Hem, Haw, Sniff, Scurry: Moving Cheese, Managing Change
Radiology teams can look within for change leaders instead of hiring certificate-armed "expert" consultants.
In a recent JACR article, Richard Duszak, MD, reminds us of Spencer Johnson's best-selling 1998 murine business-culture allegory "Who Moved My Cheese?" The book details four different ways to react to a moved piece of cheese. The cheese is a metaphor for change. Leading the pro-change charge are those who sniff (they're always on the lookout for change and embrace new situations) and those who scurry (they react to change quickly and positively). Lagging behind are those who hem (they dig in and resist change) and those who haw (they will slowly accept and adapt to change).
Change happens, we learn, whether we want it to or not. Better to be proactive about it. When your cheese is moved, inertia is not an option.
Change is good, right? In a January 2013 Dilbert comic strip, Pointy-Hair Boss remarks during a meeting, "Do not fear change because change is good." Dilbert retorts, "Actually studies show that any big changes in a person's life vastly increase the odds of sickness and death." "Are you trying to kill us?" asks Wally. Dilbert grabs his right arm with his left in fake surprise, "I can't feel my arm!" Dilbert is clearly exaggerating, but he's onto something.
Change happens; it's unavoidable. Change is also stressful. If we acknowledge those two truths, then anticipating change and adapting to change may reduce stressful feelings. However, all the positive thinking and motivational fables in the world may not be enough to overcome the tsunami of change that is underway today in medicine. That's where leadership comes in.

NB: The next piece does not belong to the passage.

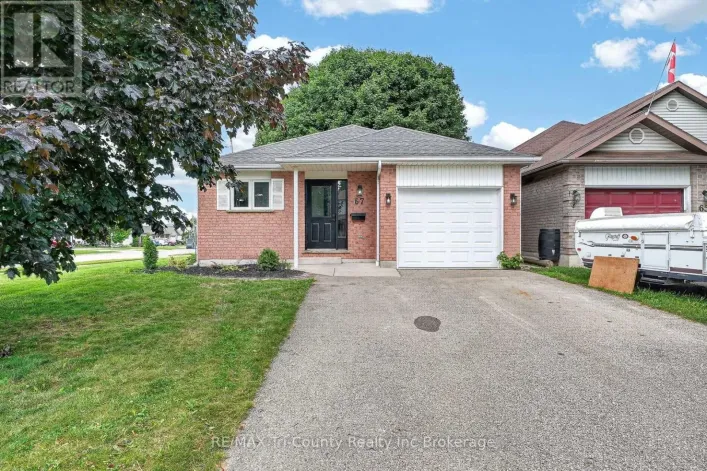 67 BECKETT BOULEVARD, Tillsonburg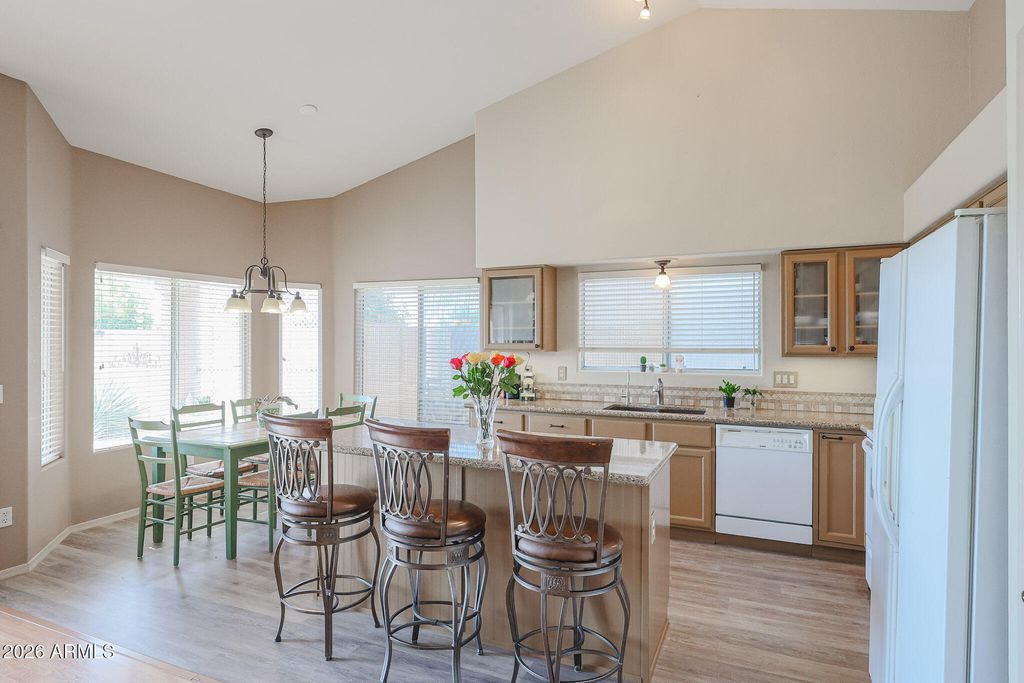 13297 W WILSHIRE Drive, Goodyear, AZ 85395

Change leaders can make the difference in whether or not radiology team members feel secure and confident that they can successfully ride the waves of change — whether they are gut-clenching Banzai-Pipeline monsters or small but numerous swells.
Change leadership certification programs have proliferated in recent years. Armed with certificates from programs sometimes lasting no more than four days, armies of change leaders are streaming out of leadership mills to help you embrace and implement change. So every radiology department should hire a certified change leader to help navigate the uncharted waters of current and upcoming workplace changes, right?

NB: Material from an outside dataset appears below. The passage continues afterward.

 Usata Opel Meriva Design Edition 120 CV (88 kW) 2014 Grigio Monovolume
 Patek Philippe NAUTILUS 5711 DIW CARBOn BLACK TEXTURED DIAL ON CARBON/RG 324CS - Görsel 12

Maybe not. H. Benjamin Harvey, MD, JD, from Massachusetts General Hospital, this week's Radiology Firing Line podcast guest, tells host C. Matthew Hawkins, MD, that radiology departments have so much existing expertise about internal processes, workflow, and personnel, that just a set of really good tools could be transformational.
Change leaders — the sniffers and the scurriers — need to be trusted to win over the hemmers and hawers. A certificate in change management shouldn't necessarily engender trust. But someone who is already trusted as a radiology leader, as a quality expert, and as a team builder has the insider's view of the complexity of a department, its needs, and its challenges. With buy-in from the rest of the team, such a home-grown leader can train everyone to be an integral part of making change happen more smoothly and less stressfully.
Identify your change leaders, empower them with robust tools, and give them the buy-in they need. Once that is done, even your most skeptical hemmers and hawers might say, "Go ahead, move my cheese. I'm ready."